CLEARWATER – Ed Fletcher’s Early Bird Dinner Theatre will host the world premiere of playwright Michel Parker’s new farce “Never Kiss a Naughty Nanny,” running from Nov. 3 through Dec. 23.
Performances are Thursday through Sunday, with seating at 4 p.m. Matinees are Thursday and Saturday, with seating at 11 a.m.
Parker, born and raised in England, got his first taste of the theater at age 14 when he won the title role in a regional production of Terrence Rattigan’s play, “The Winslow Boy.” After five years of military service, he founded a temporary office help agency in Canada. Its success allowed him to retire in his mid-30s and relocate to the Caribbean.
“Never Kiss a Naughty Nanny” is the latest in a series of American farces penned by the playwright. Built on the foundation of the British farce, Parker developed the subgenre in 1986 while living in Fort Lauderdale and working with the Delray Beach Playhouse.
“I auditioned for a play, was cast, and in later weeks discussed with the artistic director the idea of doing some British farces which I had directed in the ’70s,” Parker said in a recent e-mail interview. Weeks later, however, the artistic director said he couldn’t use any of the plays because they were too British and didn’t translate well into American. “He then suggested … that I write an American farce. It occurred to me that no one had really done this before.”
As it turned out, it was the fall of 1986, and the Gary Hart scandal was making headlines. Parker wrote the play “The Sensuous Senator,” about a U.S. Senator running for president on a morality platform while his Washington D.C. townhouse was full of call girls.
“The Delray Beach Playhouse immediately produced the play,” Parker said. “It was a huge success.”
The playwright has attended rehearsals at Early Bird Dinner Theatre in preparation for the play’s debut.
“I am always involved in someway in the world premiere of all of my plays,” Parker said. “By doing this I can observe and make changes if needed, to stage directions, more than dialogue.”
In “Never Kiss a Naughty Nanny,” a real estate boss, eager to sell his “House of the Future,” persuades his secretary and a salesman to pose as a married couple renting the house by offering them a $5,000 bonus if the house is sold to the prospective buyers. When the buyers show up for the weekend, nothing in the house seems to work right. A maintenance man is summoned – and forced to dress up as a nanny to perpetuate the ruse.
“I find technology to be innovative and many times helpful, but when it doesn’t work, life can become very frustrating and, at times, come to a complete halt,” Parker said. The playwright emphasized that “Never Kiss a Naught Nanny” isn’t a satirical look at modern conveniences, though. “In this play, technology that doesn't work is just plain fun. Many people want to make farce more complex than it really is,” Parker said. “Let's face it, my plays have no redeeming literary value, they are written to make people laugh and enjoy life for two hours.”

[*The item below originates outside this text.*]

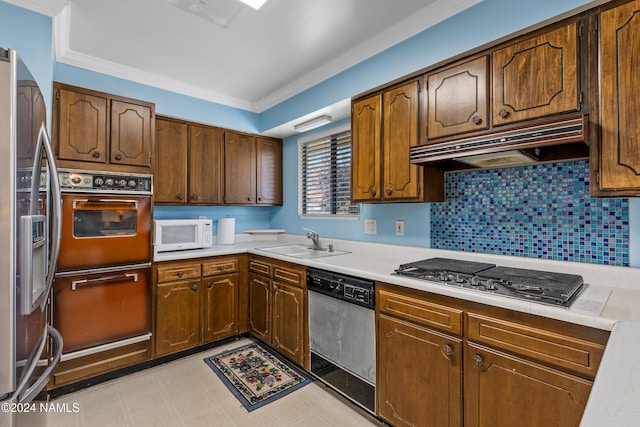 kitchen featuring sink, stainless steel appliances, ornamental molding, and tasteful backsplash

And Parker must be doing something right, considering his record. Early Bird has produced eight of Parker’s nine plays to date. The playwright credits the company for successfully narrowing in on a niche that is unique to the area.
“The idea of having dinner and a show and being able to be home by 8:30 p.m. is a brilliant concept,” he said. “Most dinner theaters – and I do have associations with dozens of them – charge not less than $50, and many much more. Ed Fletcher has somehow managed to keep his costs down to approximately $30.”
Cost is $29.90 plus tax and includes musical entertainment, dinner and the show.